Work to be completed -
Omitting all images, transcribe the listing word for word.

::: Source material :::

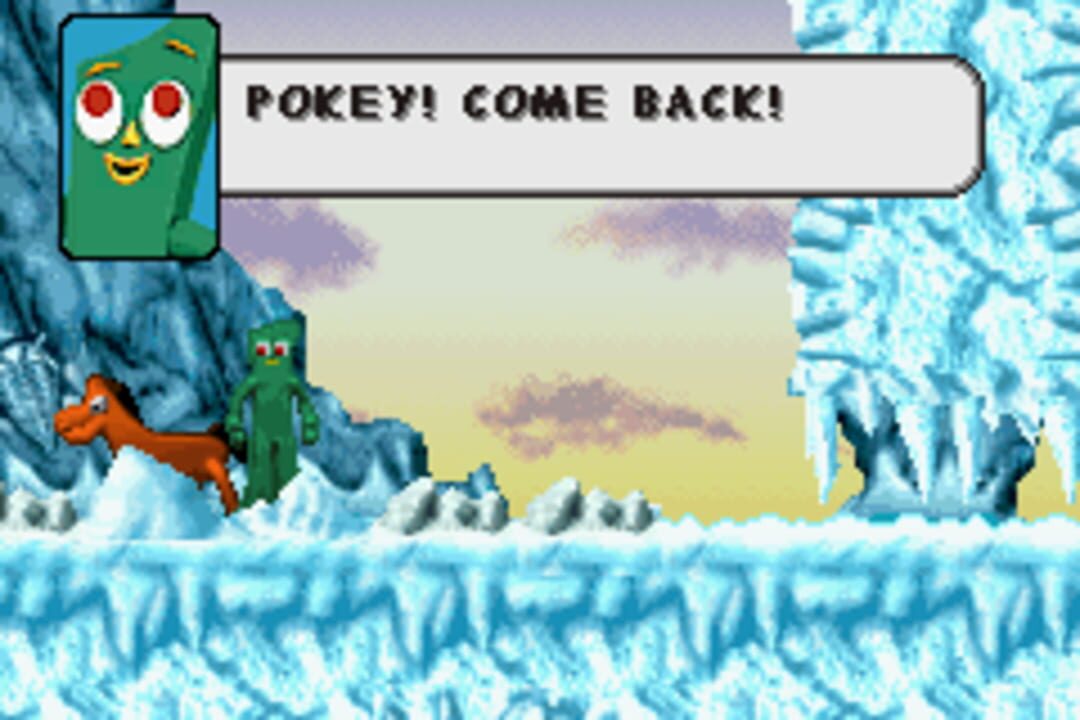 Gumby vs. The Astrobots screenshot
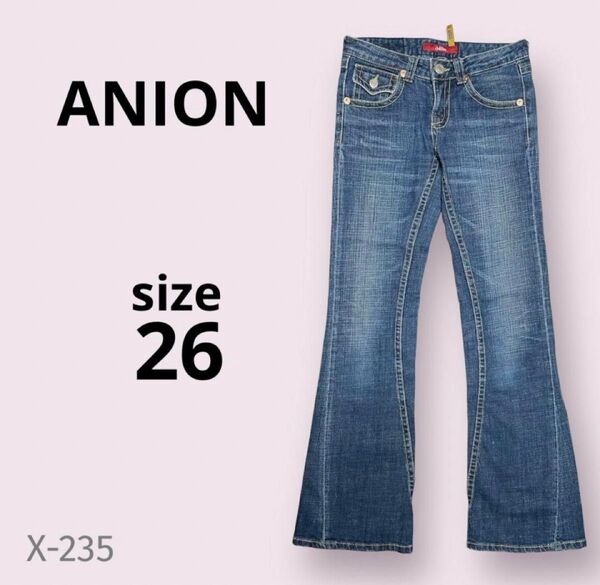 ANION デニムパンツ ジーンズ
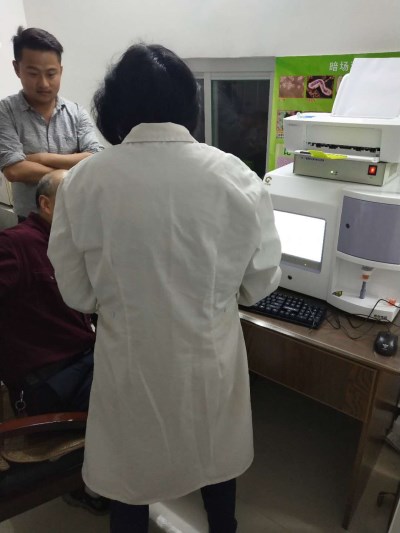 医用微量元素分析仪品牌kaifa
再次签单湖北襄阳客户 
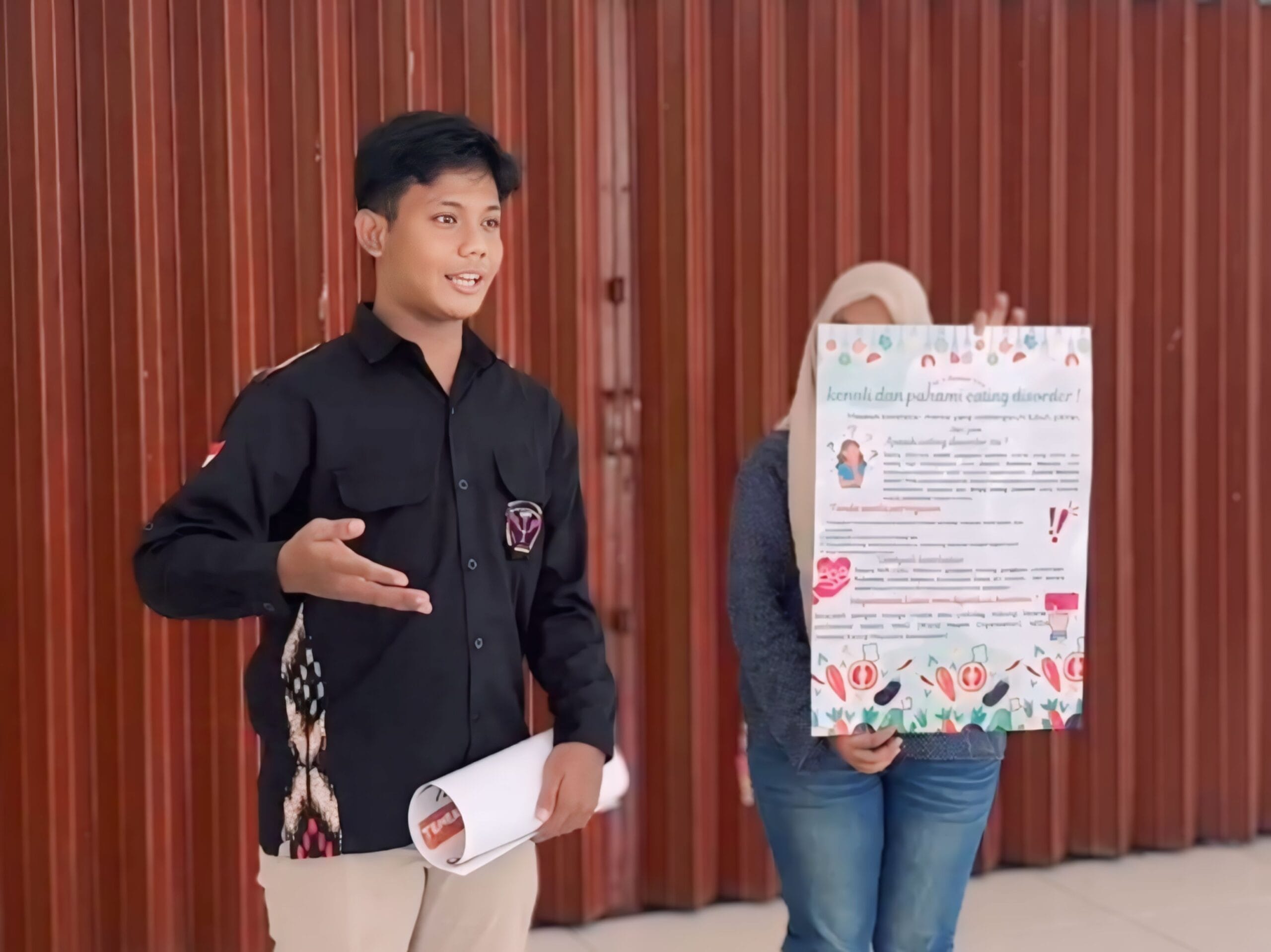 Bahas Eating Disorder Mahasiswa MBKM Kewirausahaan Universitas Trunojoyo Madura Gelar Sosialisasi 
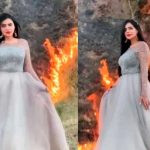 Influencer incendia un bosque por vistas en TikTok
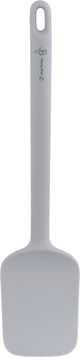 ملعقة تقليب طعام سيليكون السيف غاليري، 31×7 سم - رمادي فاتح product image 1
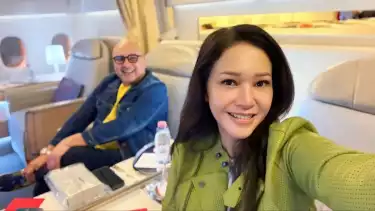 Maia Estianty, dan Irwan Mussry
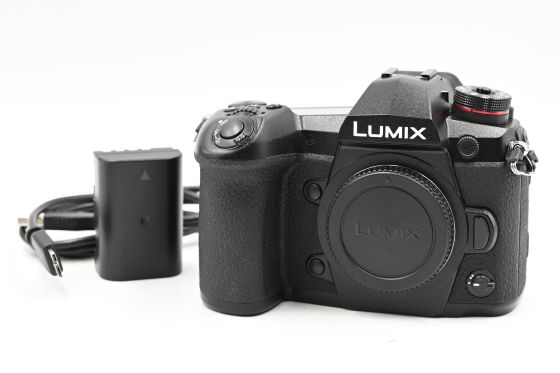 Panasonic Lumix DC-G9 20.3MP Mirrorless MFT Digital Camera Body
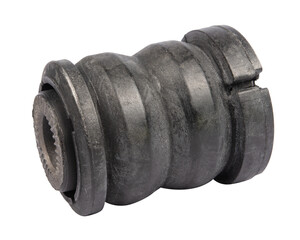 Set of car suspension silent blocks. Spare parts of the chassis of the car.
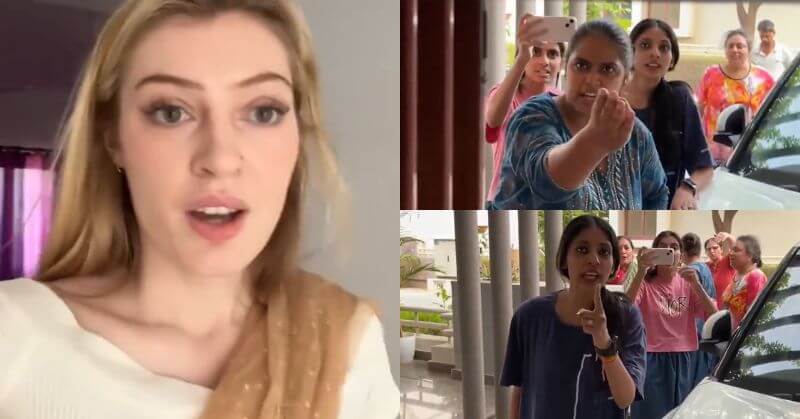 German Woman Husband Attacked Jaipur Video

:::

Completed task -
 Gumby vs. The Astrobots screenshot
 ANION デニムパンツ ジーンズ
 医用微量元素分析仪品牌kaifa
再次签单湖北襄阳客户 
 Bahas Eating Disorder Mahasiswa MBKM Kewirausahaan Universitas Trunojoyo Madura Gelar Sosialisasi 
 Influencer incendia un bosque por vistas en TikTok
 ملعقة تقليب طعام سيليكون السيف غاليري، 31×7 سم - رمادي فاتح product image 1
 Maia Estianty, dan Irwan Mussry
 Panasonic Lumix DC-G9 20.3MP Mirrorless MFT Digital Camera Body
 Set of car suspension silent blocks. Spare parts of the chassis of the car.
 German Woman Husband Attacked Jaipur Video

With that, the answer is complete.